Mempertuhan Uang Ketimbang Iman

Jum'at, 14/11/2025 23:39 WIB

OLEH Djohermansyah Djohan

DI tengah hiruk-pikuk kehidupan Indonesia modern, saya melihat dengan keprihatinan bahwa bangsa ini sedang memasuki fase paling sunyi dalam sejarah kebangsaannya: fase ketika suara uang lebih nyaring daripada suara keimanan; ketika ukuran kehormatan direduksi menjadi besaran aset; dan ketika nilai sosial yang dahulu menjadi perekat masyarakat perlahan terkikis oleh ketamakan yang dibungkus sebagai “kebutuhan zaman now”.
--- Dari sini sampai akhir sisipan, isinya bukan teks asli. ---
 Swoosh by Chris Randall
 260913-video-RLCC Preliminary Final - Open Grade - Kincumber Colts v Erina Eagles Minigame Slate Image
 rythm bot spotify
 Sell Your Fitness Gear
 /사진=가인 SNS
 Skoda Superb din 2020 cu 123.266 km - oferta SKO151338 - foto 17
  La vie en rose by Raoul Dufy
Bangsa yang besar tidak diukur dari gedung-gedung megah atau angka pertumbuhan ekonomi, melainkan dari karakter manusianya—dari kejujuran yang dijaga, solidaritas yang hidup di tengah rakyat, serta rasa malu yang dipelihara sebelum seseorang tergoda untuk menyimpang. Tanpa itu semua, pembangunan hanya menjadi kosmetik yang tidak mampu menutupi keretakan jiwa bangsa.
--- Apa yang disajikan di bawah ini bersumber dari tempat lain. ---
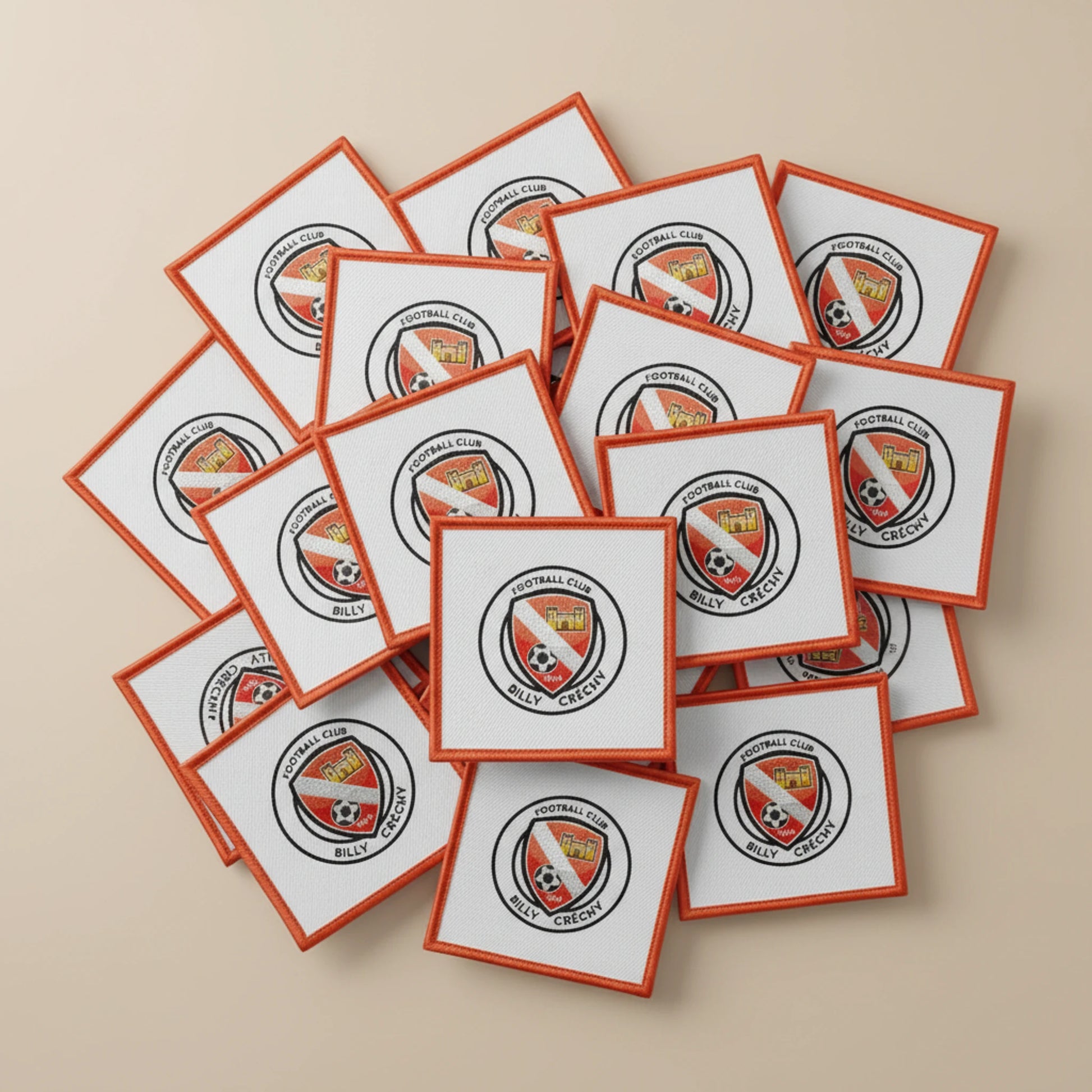 FC Billy Crechy - Collection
Ketika Materialisme Menjadi Agama Baru

Hari ini kita hidup dalam masyarakat hedonistik yang semakin terpesona pada harta benda. Kekayaan tidak lagi menjadi alat, tetapi berubah menjadi tujuan. Orang tidak lagi bertanya bagaimana ia mendapatkan, tetapi berapa banyak yang dapat ia kuasai.

Gengsi menggantikan nilai sosial. Pamer kemakmuran menggeser keimanan. Ambisi menyingkirkan amanah. Padahal, masyarakat yang sehat tidak menilai seseorang dari apa yang ia punya, tetapi dari apa yang ia lakukan bagi kebaikan bersama.

Keimanan sejati tidak diukur dari simbol-simbol kasat mata, melainkan dari keberanian menjaga amanah ketika tidak ada yang melihat. Ironisnya, hari ini pengkhianatan terhadap amanah tidak lagi dianggap aib, tetapi justru dipuji sebagai “kelincahan” dalam memainkan sistem.

Gejala paling memprihatinkan dari merosotnya iman dan nilai sosial adalah hilangnya rasa malu. Ketika korupsi dianggap “risiko jabatan”, kebohongan disebut “strategi komunikasi”, dan manipulasi dihalalkan atas nama “kepentingan kelompok”, maka kejatuhan moral bangsa sedang berlangsung di hadapan kita.

Bangsa ini tidak kekurangan orang cerdas. Kita kekurangan orang jujur yang konsisten menjaga integritasnya.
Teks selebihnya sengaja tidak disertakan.